时间:2021-03-23 15:52:39  作者:顺颂商祺
  说起这位朋友,也是个奇人,钟爱玩小剧场,大二转专业排了个风靡N大的戏、大四进了省剧团,可还没一年就辞了职,接着做原创剧。现在自己办了个民营剧团,但经营状况不太好。
  那头仍旧是很高的嗓门:“是孙老师和沈老师让我问问你,什么时候能回剧团里帮忙。”
  孙乾明是裴山的导师,沈拙清是孙老师很多年的朋友,办了个工作室,初创期,正是缺人手和资金的时候。好几次,孙乾明都问裴山愿不愿意加入,被他以各种理由回绝了。
  但平日里他会跟着老师们接些本子,目前“怀璋”这个笔名也算是小有名气,足以支撑裴山在雁城的开支,还能往家里打点钱。
  “这个——”裴山顿了顿,“最近可能不行。”
  “怎么又不行了。上次你说你要写山区,上上次你说你要等人,这次又是为啥啊?你再推我可骂人了啊!”
  “这次,我等到了。”裴山说着,语气都不觉变得轻快。
  “什么什么!等到了?”时沛陡然提高了嗓门,“就你暗恋好多年的那个?不会吧,还真有这么个人啊?我以为你一直在诓我们呢!”
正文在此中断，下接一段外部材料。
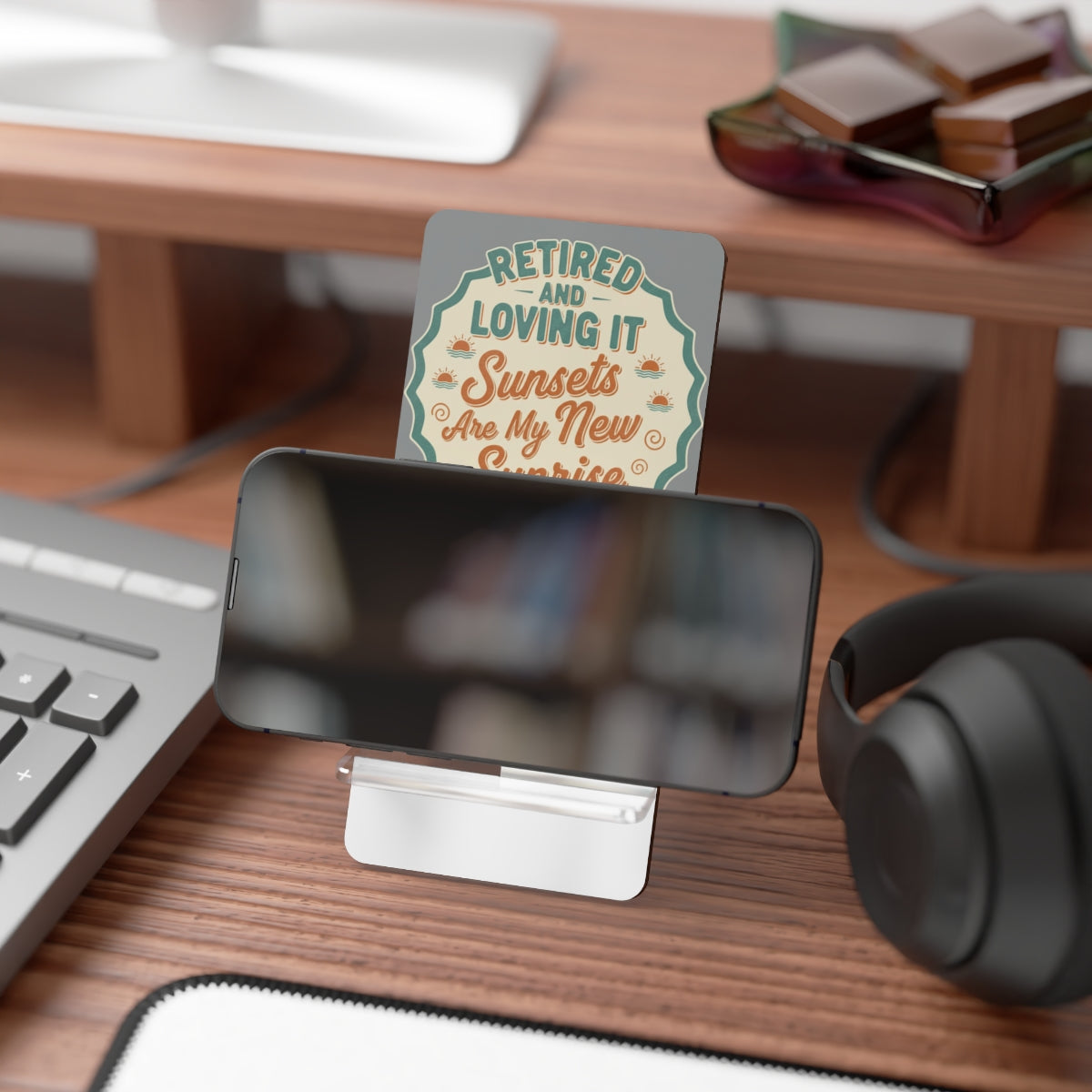 Retired And Loving It Sunsets Are My New Sunrise | Gift | Personalized Retirement Scene Graphic Phone Stand or Phone Charger - Retiree Gifts Retirement Party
  “没有,他现在住我附近。”裴山连语气都变温柔了很多,“我想,去找他。”
  “废话!肯定得找啊!”时沛急忙喊道,“别怂啊小师弟,不找是王八!”
  裴山打趣道,“不催我回了?”
  “催还是要催的,沈老师都快忙不过来了。”时沛笑说,“不过他肯定也不会耽误你。等你成功了,说不定他直接催你把追夫路写成书。”
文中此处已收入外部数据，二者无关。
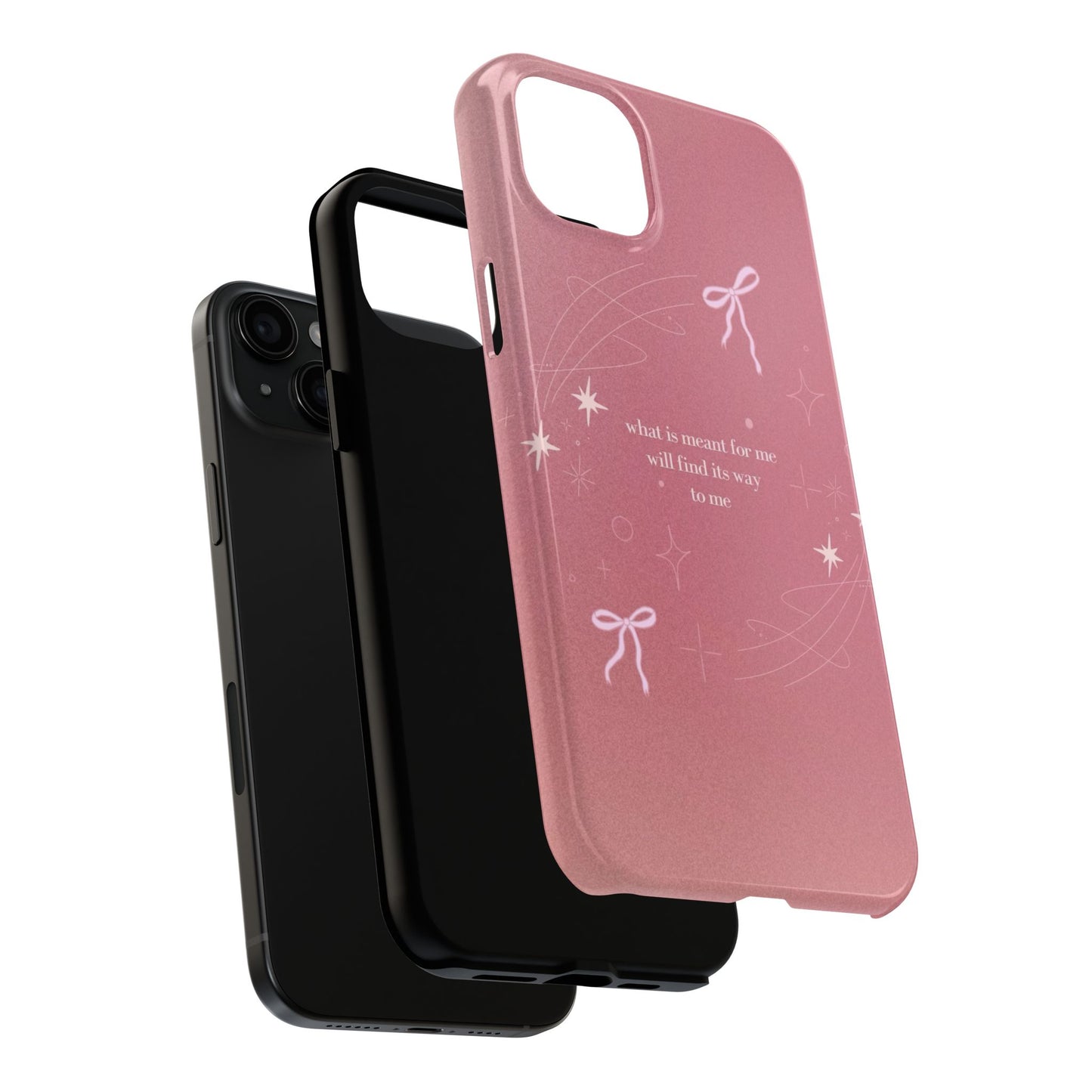 Inspirational Tough Phone Cases - Pink with Stars, Sturdy Protection, Gifts for Her, Motivational Quotes, Everyday Use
  裴山跟他打趣了两句就挂了电话,起身准备把“正在营业”的牌子挂出去。
  刚走到门边,看到一个人影,心领神会,裴山笑着打招呼:“阮警官好,今天怎么这么早——”
  阮明知是少数几个会常常光顾书店的人之一,每个周六早上会跑过来喝杯茶,偶尔买本书再走。比裴山小不了几岁的年纪,却长着一张娃娃脸,特别显小。
  “裴老板早!”阮明知自力更生地拉开了窗帘。
  这下裴山愣住了——不光是阮明知,还有一张熟悉的脸,就这么猝不及防出现在他面前。
  “唐警官?”裴山心跳又不听使唤地加速,“你也来了。”
  “你们认识啊?”阮明知抢了白,笑道:“那我就不介绍了。言哥正好住我隔壁,又跟我一个科室。明天入职,我带他出来玩玩。”等了半天不见裴山动作,便戳了下他,“么回事情噻,就让人家在这里站着哇?”
  “哦对,来坐。”裴山赶忙侧过身,让人进来。
  门前空间不大,唐立言进来时,擦着他的肩膀。裴山不自觉弯了弯嘴角,语气都变得轻快起来,“怎么突然想着,要来我这儿玩啊?”
  阮明知笑道:“言哥说他想来买书。”
  唐立言哪里是想来买书,不过是想来勾搭一下新的猎物罢了。
  眼光逡巡半天,最终落在了裴山身上——白色的T恤,长牛仔裤,卷发刚洗完,湿哒哒黏在后颈。嘴唇没有修饰,是淡淡的红色,眼睛比那天晚上更圆也更亮一些。
  反正,是跟凌晨那会截然不同的样子。
  书是分区摆放的,唐立言在几个书架间穿梭了好几遍,也没找出本想看的来。索性从书架最里层随便拿了本,扔在茶几上,“就它了,多少钱?”
  裴山摇摇头,“不用,新客酬宾。”
  唐立言环视了一圈,看到屋子里虽被打扫得一尘不染,却没什么人气,一看就是没什么生意的。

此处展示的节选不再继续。